Global Business Environment I
This unit explores the important and variously defined concept of globalisation, and analyse contrasting perspectives and views on the nature and potential impact of globalisation at the country level. This analysis will consider country factors that mediate the impact of globalisation, including the political, economic and legal systems, and the available resources, for example skills within the labour force, infrastructure, geographic location, natural resources.
Global Business Environment II
Building on the knowledge acquired in GBE1, this unit explores the nature and outcome of firm activities in home and chosen host locations. The theory and practice of international business strategy and market entry methods (export agreements, FDI, JV etc.) are explored, and the potential (and historical) outcomes evaluated. The ethical and environmental risks posed by international operations are explored and authentic responses and outcomes evaluated.
Introduction to Statistics PPD
Starting with a review of probability theory, this course develops students’ knowledge of statistical distributions and inference, before moving on to statistical testing and basic statistical techniques for the analysis of data.

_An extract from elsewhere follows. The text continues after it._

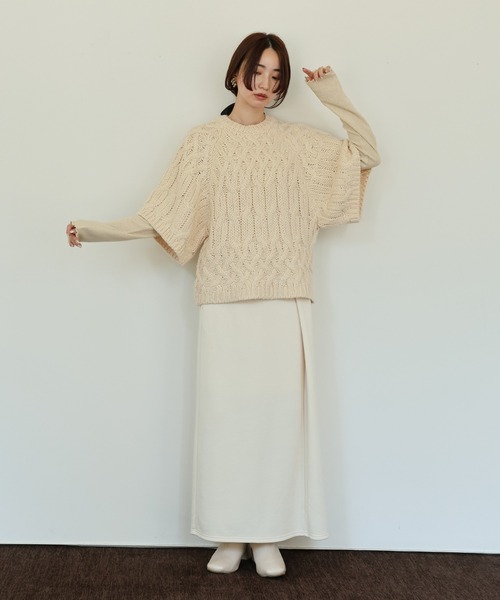 select MOCA Et(セレクトモカエト)の「【Et】Half-Sleeve Cable Knit(ニット/セーター・レディース・モカ/アイボリー/ブラック・FREE)」の17枚目の写真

As data collection and assessment is essential for Economists the Unit also draws on PPD elements of data evaluation and presentation of key findings. The latter could take place on individual presentations, tailored to the specific needs of each student. Students will have to raise their self-awareness and be reflective (following feedback) on their own ability to communicating findings clearly and concretely. This will provide the foundations for Units at Years 2 and 3 (e.g., Current Issues I - PPD).
Mathematical Economics I
In Mathematical Economics I we will develop your ability to think about economic problems quantitatively, and through the use and application of mathematical techniques will learn how to solve them. We cover topics including: differentiation and integration, which provide the theory behind the optimisation of our production or consumption levels; and matrix algebra, allowing us to write complex economic systems in a new, compact form.

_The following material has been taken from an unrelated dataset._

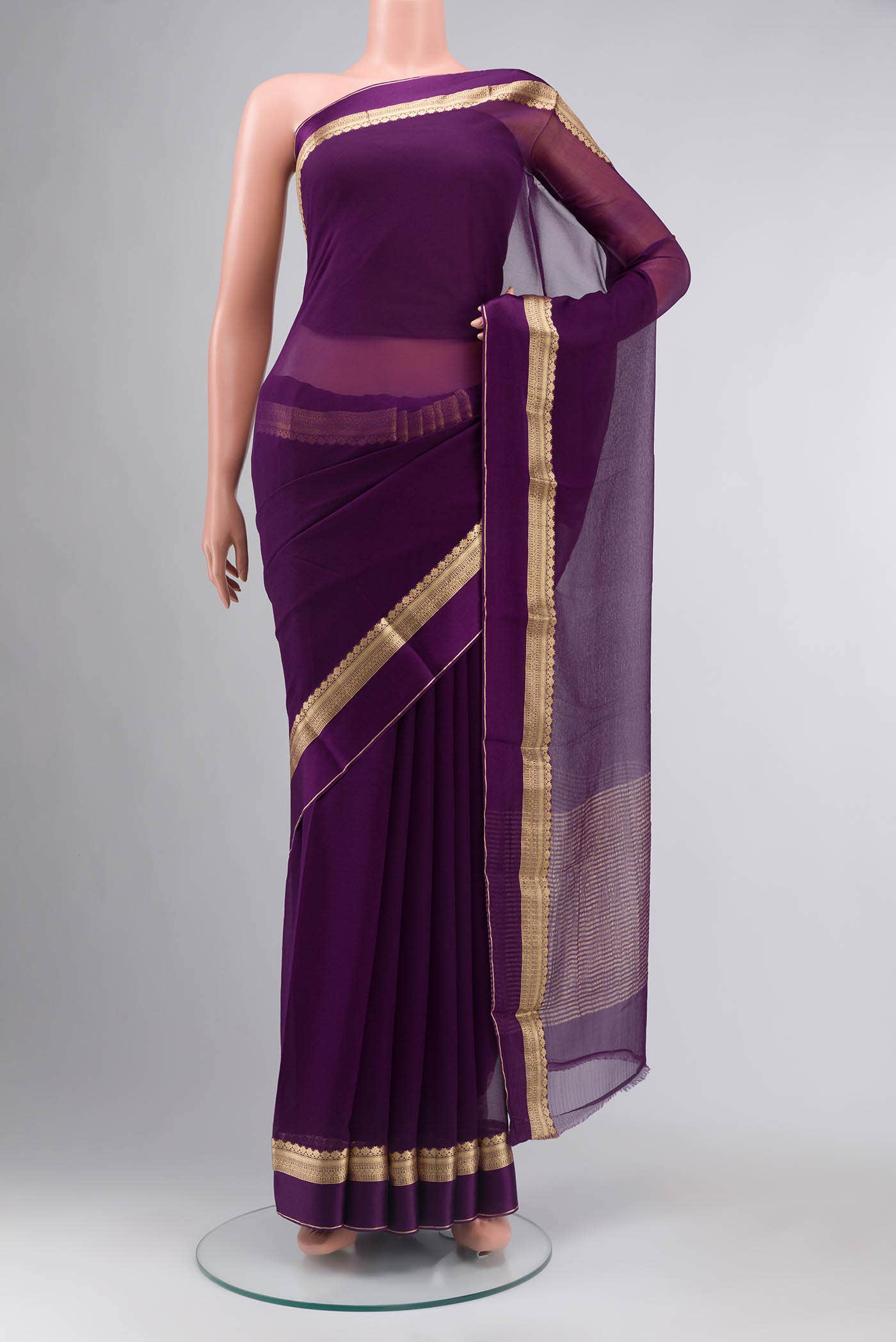 Violet Mysore Chiffon Saree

Computational Economics PPD
This Unit is designed to promote students' computing and quantitative skills. Students will be introduced to the use of University IT systems, including library systems, associated citation, and journal databases. They will also use the equation editor, styles and Endnote referencing functionality within Microsoft Word and related software. Students will also analyse data in Microsoft Excel and use Microsoft Excel’s solver functionality to solve a range of economic problems as well as an introduction to Visual Basic for Applications (VBA). Students will initially use Microsoft Excel for economic analysis, to be introduced to the STATA and R software to prepare them for subsequent units. This Unit introduces students to the quantitative skills that many employers require and is a key unit to enhance employability. Students will be also introduced to Personal and Professional Development (PPD) skills such as independence, time management, self-motivation, organisation, critical thinking, communication skills and personal values. PPD will feature in later Units as well to support students’ academic and professional success. Students will be encouraged to identify potential career paths part of the PPD process.

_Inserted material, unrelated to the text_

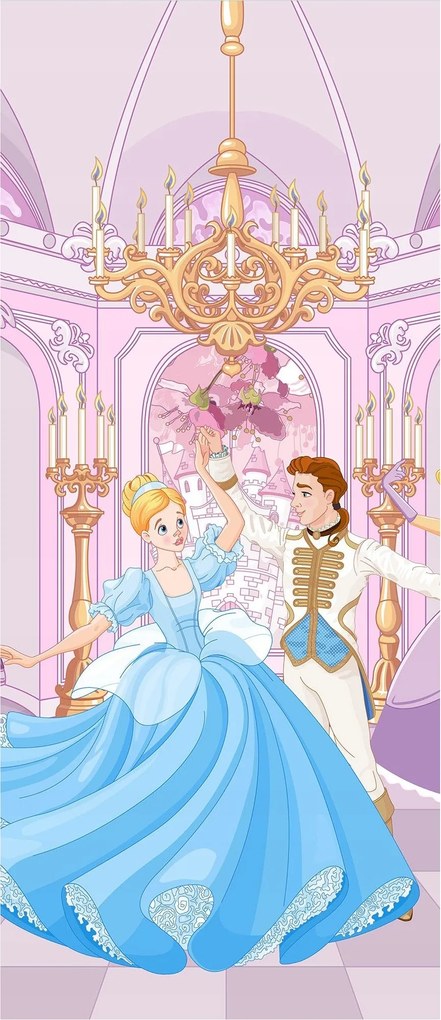 Matrica Tapéta Hamupipőke Bál Herceg Mese a gyerekszobába 91x211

Data Analytics for Economics
This unit will provide students with knowledge and skills to competently handle economic data in a range of settings. The Unit will cover the principles of data storage, manipulation and retrieval; data cleaning and multiple source blending; database design; data visualisation (including geographic information systems), using practical examples. The Unit will also include introductions to programming concepts in relation to data analytics, to include an introduction to programming languages such as SQL/Python. The Unit will also introduce web scraping and the use of APIs to retrieve data.
Introduction to Economic Principles I
This unit evaluates the key domestic macro-economic objectives namely growth, inflation, unemployment and exchange rate stability via modelling, analysis, and applications – with an emphasis on assessing the UK economy within its international context. Topics to be covered could include the circular flow of income, the four sector Keynesian model, exchange rate and interest rate transmission mechanisms, money supply and money demand, supply side economics, inflation; unemployment; exchange rate systems; and growth and sustainable development. The Unit develops the macroeconomic foundations that underpin core units at Years 2 and 3 such as Intermediate and Advanced Economic Principles I and II.